3. Efficient training
Efficient training refers to the application of methodologies to optimize the training process of machine learning models. This chapter covers the following key areas:
- Distributed training (Part I and II): Explore strategies for distributing training across multiple devices or systems. Provides strategies to overcome bandwidth and latency bottlenecks, optimize memory consumption, and implement efficient parallelization methods to improve the efficiency of training large-scale machine learning models in distributed computing environments.

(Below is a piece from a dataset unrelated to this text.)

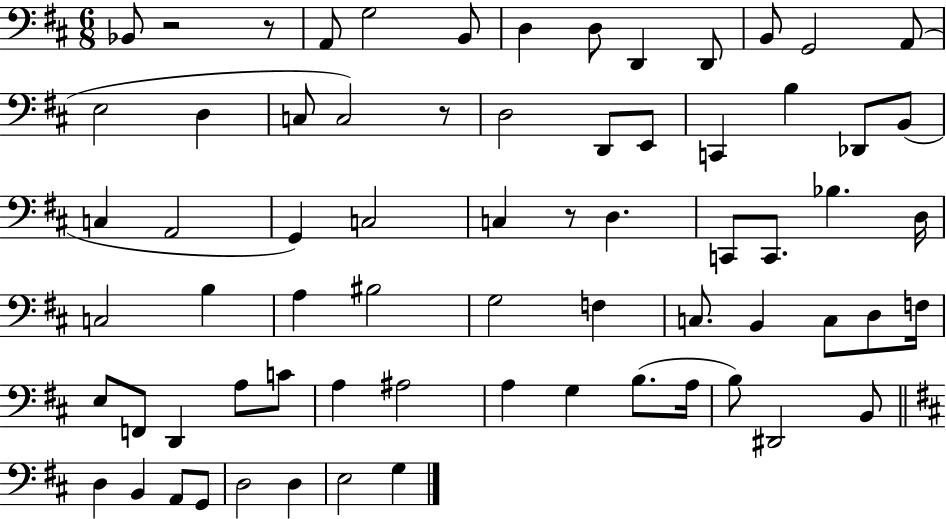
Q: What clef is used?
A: bass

- On-device training and transfer learning: This session primarily focuses on training models directly on edge devices, handling memory constraints, and employing transfer learning methods for efficient adaptation to new domains.
- Efficient adjustment and fast engineering: This section focuses on fine-tuning large language models (LLMs) using efficient tuning techniques such as BitFit, Adapter, and Prompt-Tuning. Additionally, it highlights the concept of rapid engineering and illustrates how it can improve model performance and adaptability.
4. Advanced topics
This module covers topics in an emerging field of quantum machine learning. While detailed lectures for this segment are not yet available, topics planned for coverage include:
- Basics of quantum computing
- Quantum machine learning
- Robust Quantum ML Noise
These topics will provide a fundamental understanding of quantum principles in computing and explore how these principles are applied to improve machine learning methods while addressing the challenges posed by noise in quantum systems.
If you are interested in diving deeper into this course, check out the playlist below:
https://www.youtube.com/watch?v=videoserieshttps://www.youtube.com/watch?v=videoseries
This course has received fantastic feedback, especially from ai enthusiasts and professionals. Although the course is ongoing and scheduled to conclude in December 2023, I highly recommend joining! If you are taking this course or intend to do so, please share your experiences. Let's chat and learn together about TinyML and how to make ai smarter on small devices. Your input and ideas would be valuable!
Kanwal Mehreen is an aspiring software developer with a strong interest in data science and ai applications in medicine. Kanwal was selected as a Google Generation Scholar 2022 for the APAC region. Kanwal loves sharing technical knowledge by writing articles on trending topics and is passionate about improving the representation of women in the tech industry.